The lead agent takes the hot new listing, and hands it off to the assistants.

  1. They start the selling process with the Coming Soon round, which lasts for days or weeks.  While the bosses intend this to be a pre-marketing campaign, if a buyer contacts the assistant-squad during the Coming Soon period and wants to buy it….well, then, heck – let’s make a deal.  If an outside agent wants to show or sell it, they are told to wait until it’s on the open market.
  2. If the Coming Soon round is unsuccessful, then the listing goes into the MLS and onto the open market.  The quality of the remarks and photos can tell you a lot.  If they are brief, it’s another sign that the squad is trying to couch the listing so outsiders might miss it.
  3. Now the games begin. This happened to me this week. Following the showing instructions, I call and text the agent, but no response.  I persist, and finally catch a squad member answering the phone. He says “the occupant needs more notice to show”, even though I had begun my inquiry six hours prior, to which there was no response.  He says he’ll get back to me once he can schedule something with the occupant.

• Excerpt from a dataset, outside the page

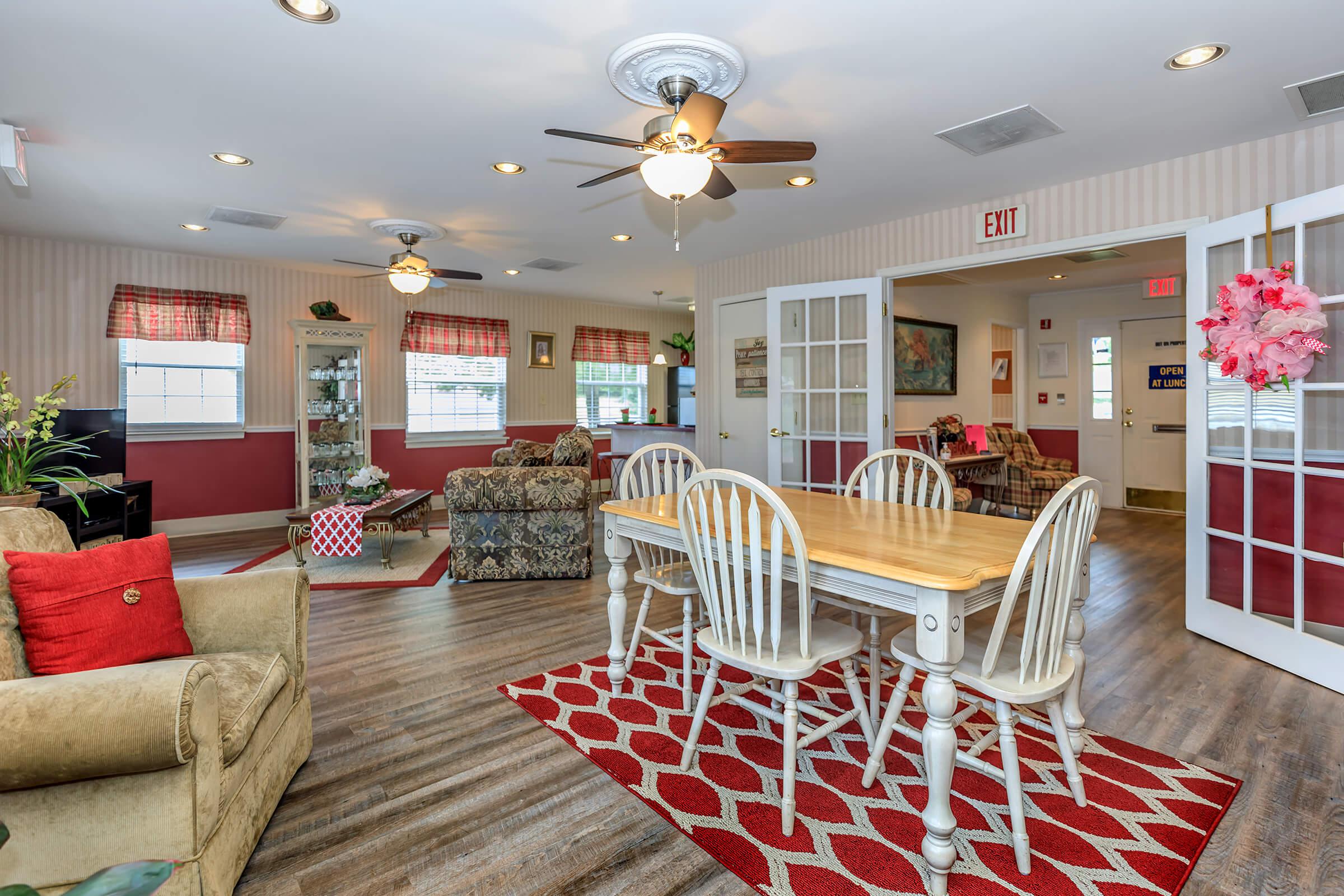 a living room filled with furniture and a rug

This goes on for two days, until he finally answers his phone again…..and you know what’s coming. “Oh, we just accepted an offer on that one!”

The team leader insulates himself from the gritty details by not publishing his phone number.  For showings, they list a separate phone number in the MLS so they know it’s an agent calling.  Then the squad gets just a little too busy to call back those inquiries.

The seller has no clue how the squad’s actions denied him the chance to get more offers – heck, he’s just glad it sold quick.  The broker doesn’t supervise that closely and really doesn’t want to know, and the team leader looks the other way, because this was part of the recruiting process to build the squad, and take more vacation.

13 Comments

  1. Jim the Realtor

    I changed my phone to the 858 area code because I couldn’t get a call back from a La Jolla or Rancho agent to a 760 number.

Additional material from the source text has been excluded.